DATA TO EXAMINE START
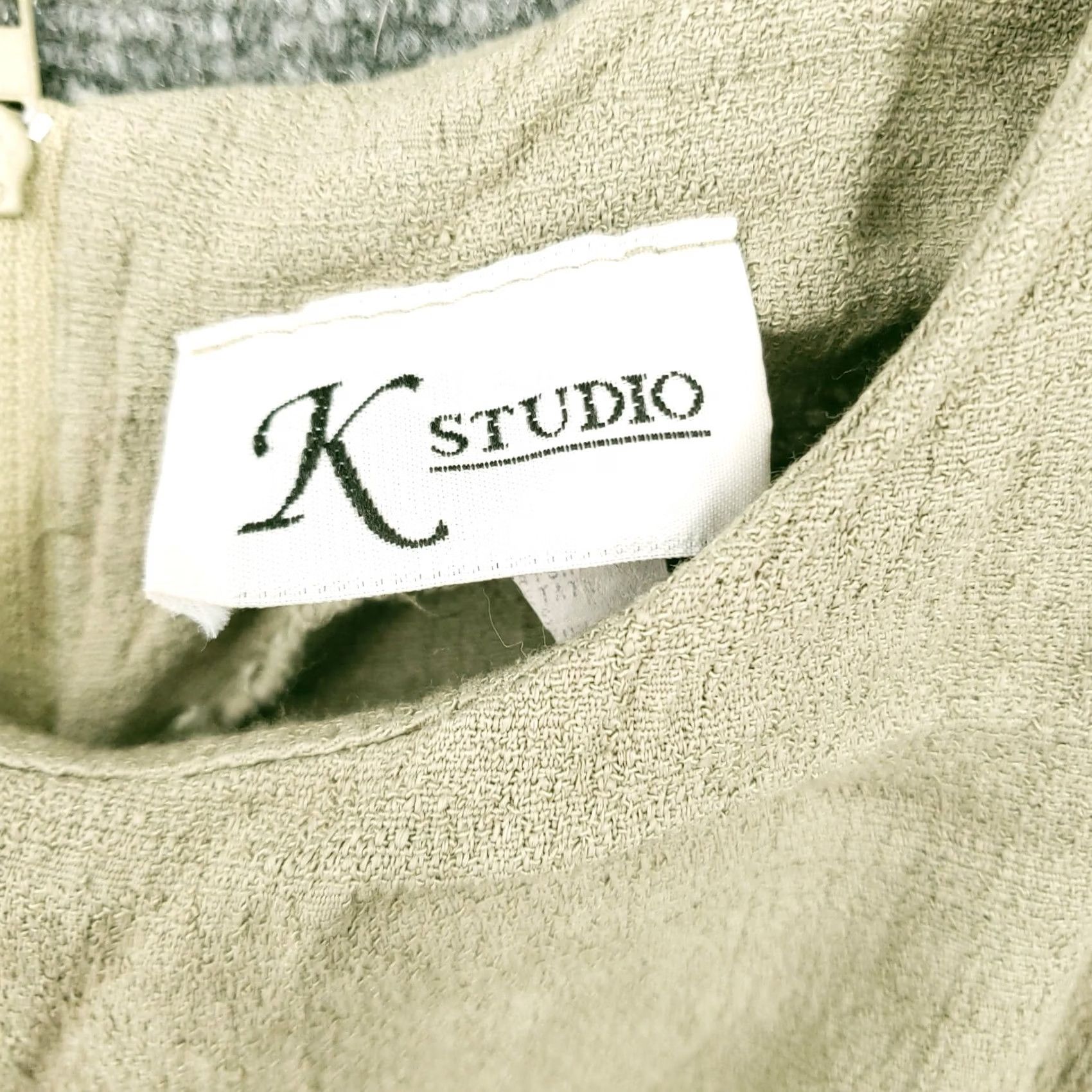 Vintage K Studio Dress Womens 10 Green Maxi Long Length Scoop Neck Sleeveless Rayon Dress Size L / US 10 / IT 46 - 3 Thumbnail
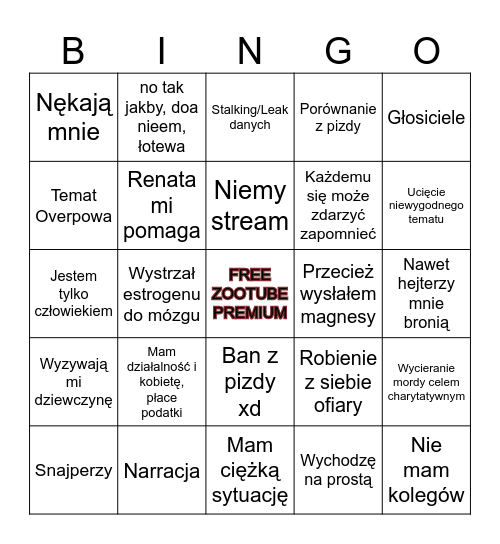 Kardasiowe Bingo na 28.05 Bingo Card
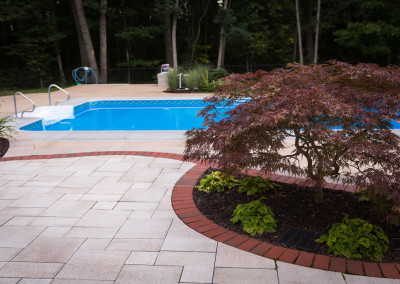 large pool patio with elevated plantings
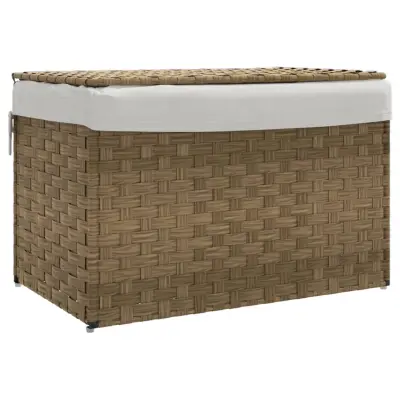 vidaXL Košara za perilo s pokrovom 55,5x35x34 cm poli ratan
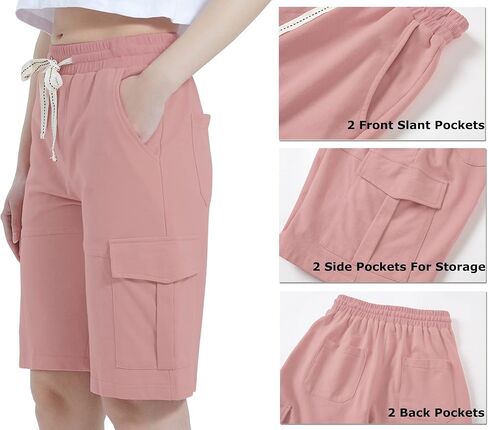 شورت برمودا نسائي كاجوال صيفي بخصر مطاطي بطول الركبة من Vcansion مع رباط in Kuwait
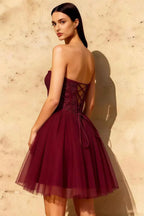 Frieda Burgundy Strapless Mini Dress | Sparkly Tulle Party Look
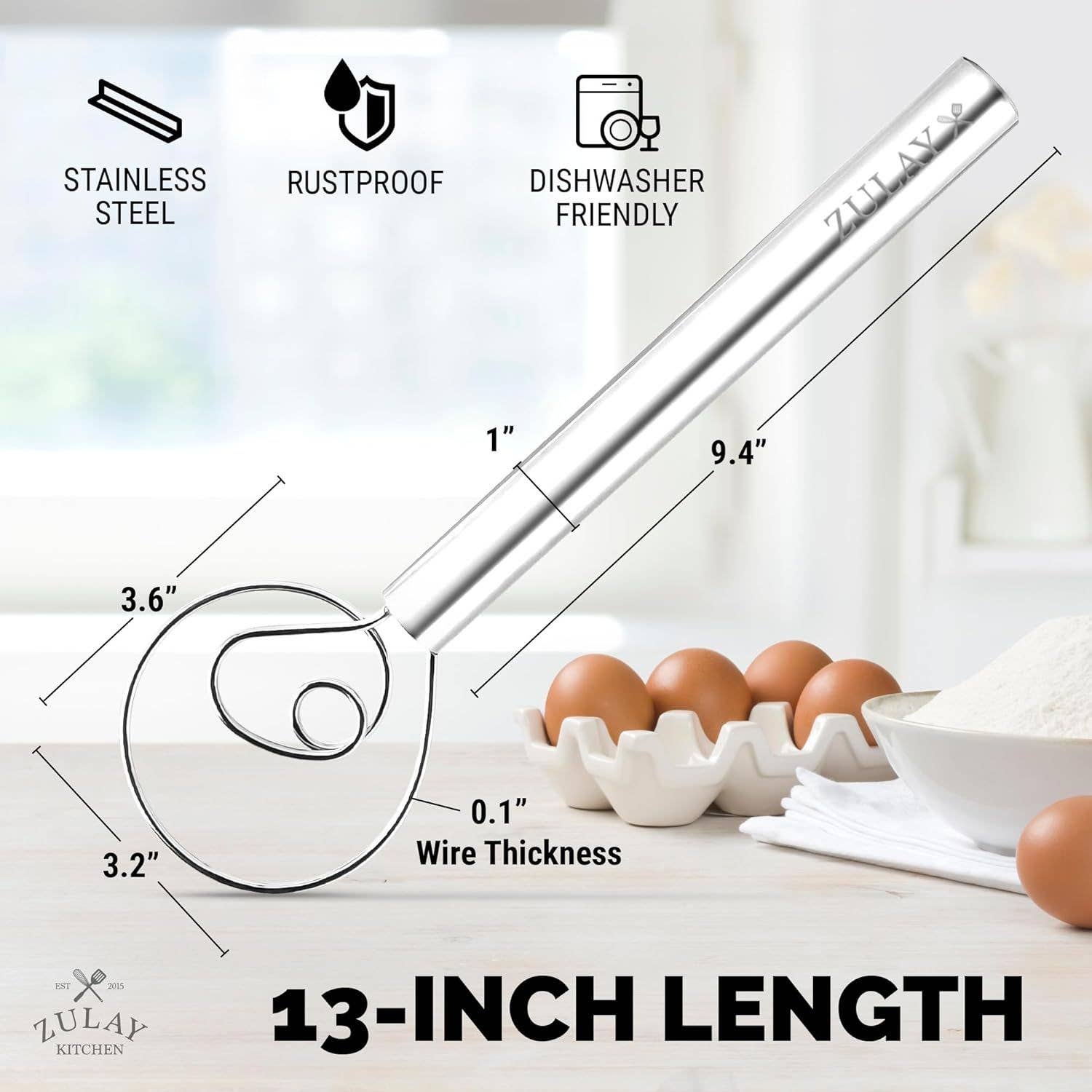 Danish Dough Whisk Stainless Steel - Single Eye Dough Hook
DATA TO EXAMINE END
## THE PROBLEM
The data above must be written out again without alteration, and the pictures in them must be excluded.

## OUTPUT BELOW
 Vintage K Studio Dress Womens 10 Green Maxi Long Length Scoop Neck Sleeveless Rayon Dress Size L / US 10 / IT 46 - 3 Thumbnail
 Kardasiowe Bingo na 28.05 Bingo Card
 large pool patio with elevated plantings
 vidaXL Košara za perilo s pokrovom 55,5x35x34 cm poli ratan
 شورت برمودا نسائي كاجوال صيفي بخصر مطاطي بطول الركبة من Vcansion مع رباط in Kuwait
 Frieda Burgundy Strapless Mini Dress | Sparkly Tulle Party Look
 Danish Dough Whisk Stainless Steel - Single Eye Dough Hook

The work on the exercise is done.